I grew up in Singapore and have since lived in Chicago and Pittsburgh, and I found the latter two cities far more livable, and closer to fulfilling New Urbanist ideals, than Singapore is.

In Paris, bus lanes = bike lanes

Bus lanes in Paris are physically separated from car lanes, so that motorists are less tempted to cut into the bus lane, but if the street has only one car lane, the dividers are low enough so that emergency vehicles can cut across lanes to get ahead. Furthermore, the bus lanes are wide enough to let two-wheeled vehicles pass stopped buses. Two-wheeled vehicles are allowed in the bus lanes even though some roads have parallel bike lanes.

Human Transit has pictures and more.

As a comparison, some Singaporean drivers seem to think that 1) cyclists shouldn’t be in bus lanes, and 2) if a cyclist is in a bus lane during the bus lane hours, it’s OK for cars to violate traffic law, cut into the bus lane and pass the cyclist at a dangerous distance.

A good sign?

There have been calls for Singapore to turn the current KTM railway into a kind of bikeway/nature corridor. Perhaps tellingly, buried in this New York Times article on NYC’s High Line is this:

Recently a team from Singapore (Is there really anything old and rusty in Singapore?) spent time on the landscaped walkways that stretch from Gansevoort Street to West 20th Street.

It just so happens that we do have something old and rusty that will not be used anymore in about a year’s time! It’s heartening that Singapore sent a team to NYC to study the high line — brings some hope that the nature corridor proposal might actually come through.

Intersection density and walkability

In my feedback for URA’s Concept Plan 2011, I followed up on the suggestions of the focus group to improve walkability. From comparing my own experiences walking in Singapore versus elsewhere, I found that I enjoyed walking much more in cities with frequent intersections. It means you don’t have to walk a long way to the next intersection if you want to cross a road, and it also slows down traffic, thus increasing the pleasantness of the environment for walkers. Apparently there’s now a study supporting my intuition.
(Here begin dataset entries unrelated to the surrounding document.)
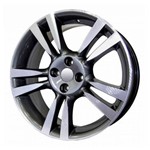 Jogo C/4 Rodas Aro 17x7,0 Krmai R61 4x98 Offset 38 Gd (graphite Diamond) Punto T-jet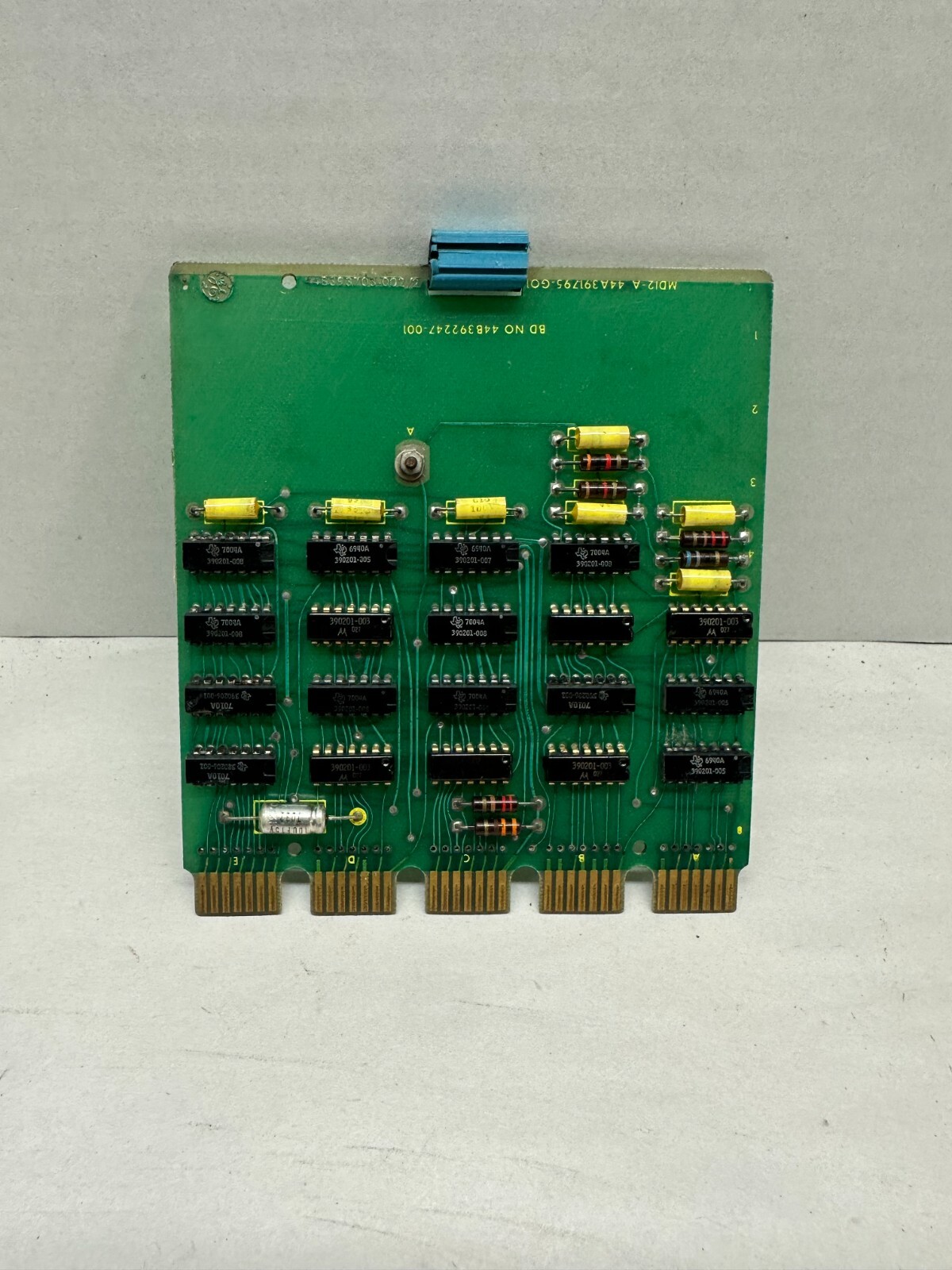GE General Electric 44B393703-002/2 Circuit Board No. 44B392247-001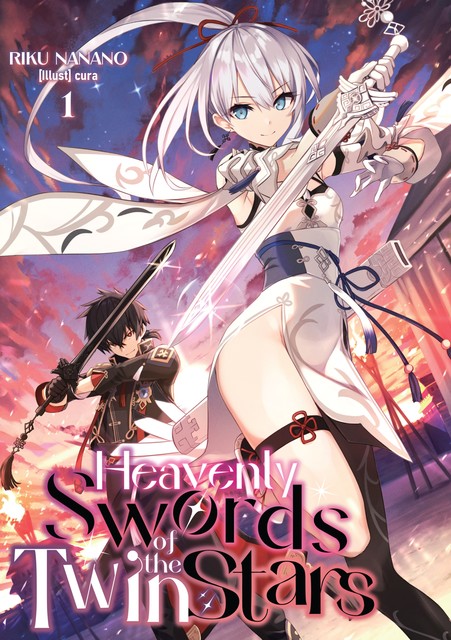 Heavenly Swords of the Twin Stars: Volume 1, Riku Nanano
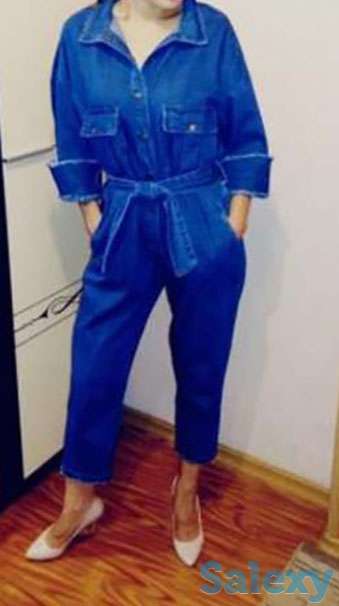 Женский комбинезон, фотография 1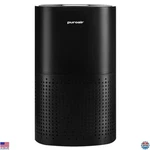 Hepa Air Purifier For Large Rooms Up To 1,000 Sq Ft - Filters 99.9% Pollutants. Fixed Price $238.50.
In terms of friendliness to cyclists, too high an intersection density might prove annoying unless there is a “green wave”. But too low a density, as is the case in Singapore, means that the few intersections there are tend to be large and high traffic. These tend to be more dangerous for cyclists. The parts of my Singapore commute I dreaded most were the tricky intersections. After many hours of staring at maps I was still unable to purge them from my commute, and any commute from the northeast to the west of Singapore remains woefully unconnected by any park connectors.